14. From the averments in the complaint, whereby ineffectual foundation for the offence has been laid in the complaint, the court should not hasten to quash the criminal proceedings. It is well settled that for quashing the first information report/complaint, which is permitted only in an extremely rare case, the information in the complaint must be so bereft of even the basic facts which are absolutely necessary for making out the offence, as is held in Rajesh Bajaj v. State NCT of Delhi [1999] SCC (Crl.) 401 ; AIR 1999 SC 1216. Similarly in State of Haryana v. Ch.
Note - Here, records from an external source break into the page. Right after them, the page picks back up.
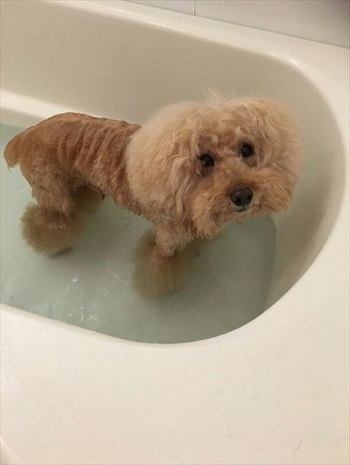フワモコ ペタンコに お風呂で別の犬のようになってしまったワンコの 無 の表情が面白かわいい ねとらぼ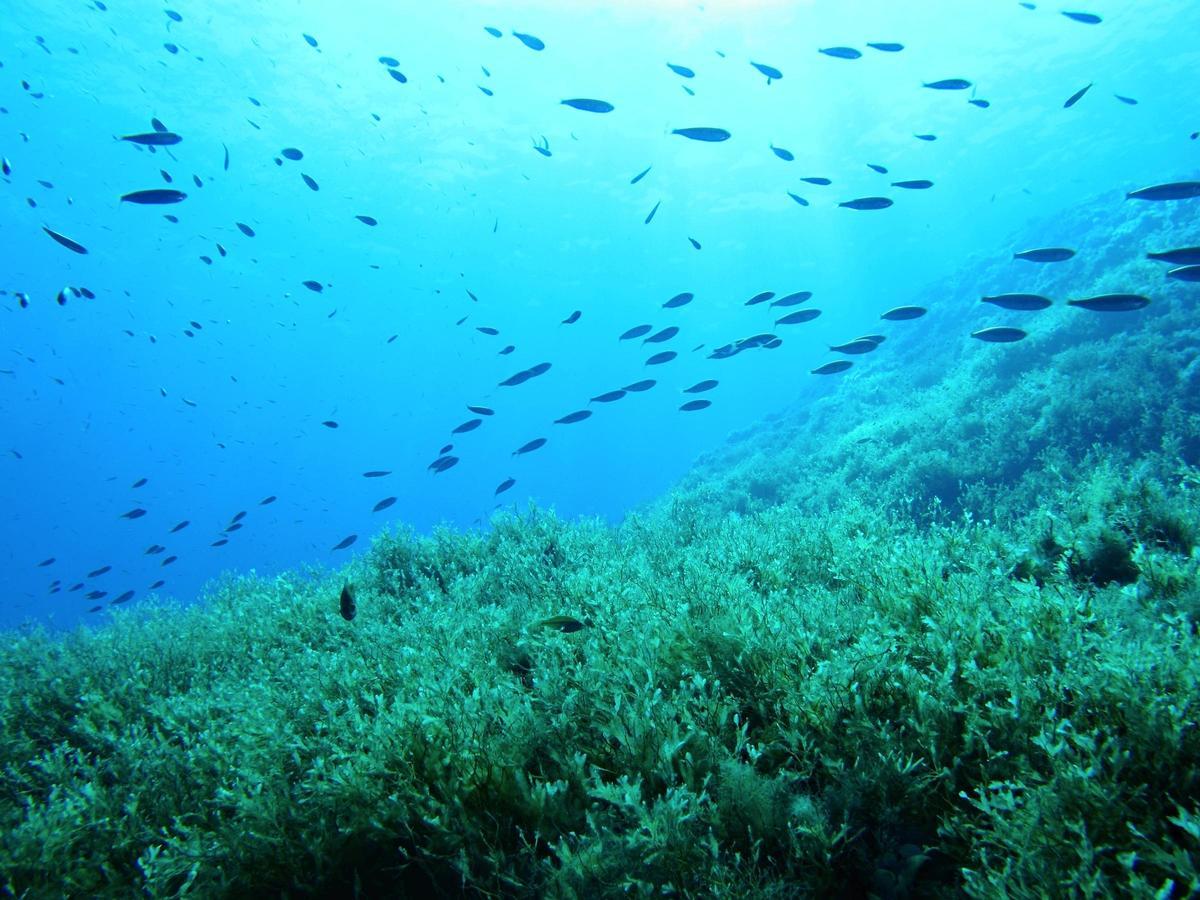 Bajo las aguas españolas se despliega un paisaje tan vital como frágil: posidonia, gorgonias o algas actúan como pulmones azules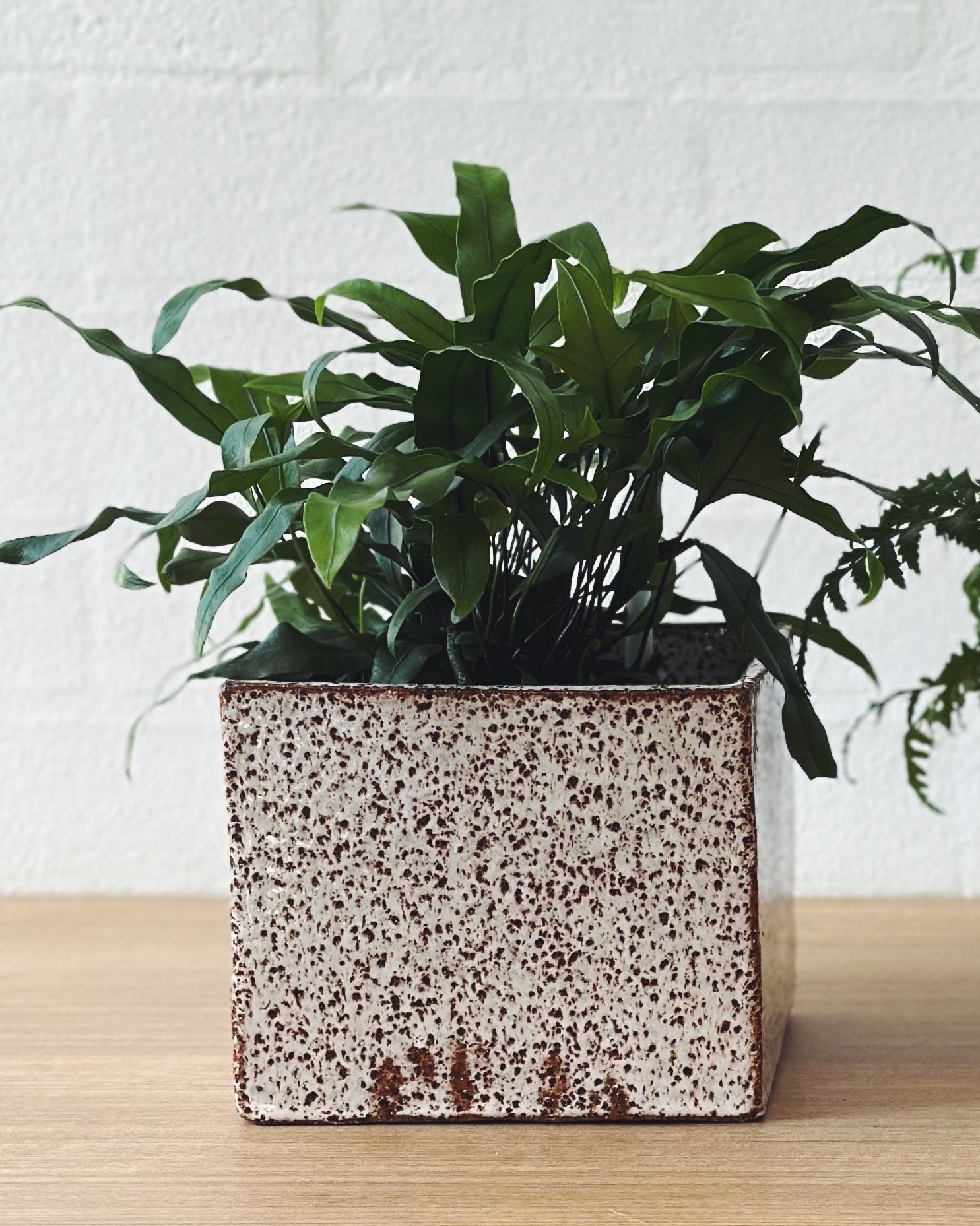speckled planter box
Bhajan Lal [1992] SCC 335 ; [1992] SCC (Crl.) 426 ; AIR 1992 SC 604, it has been held that the court will not be justified in embarking upon an enquiry as to the reliability or otherwise of the allegations made in the FIR or the complaint and that the extraordinary or inherent powers do not confer an arbitrary jurisdiction on the court to act according to its whims and caprice. The powers of quashing a criminal complaint should be exercised very sparingly and with circumspection and that too in the rarest of rare cases. 15. Considering the aforesaid facts, no case is made out for quashing the impugned complaint annexure P-1 as also the impugned orders, as the impugned orders cannot be termed as illegal. 16. Resultantly, Criminal Miscellaneous Nos. 23273-M, 23253-M, 23257-M, 23261-M, 23265-M and Criminal Miscellaneous No. 23269 of 1999 are dismissed. The parties through their counsel are directed to appear before the trial court on May 12, 2000.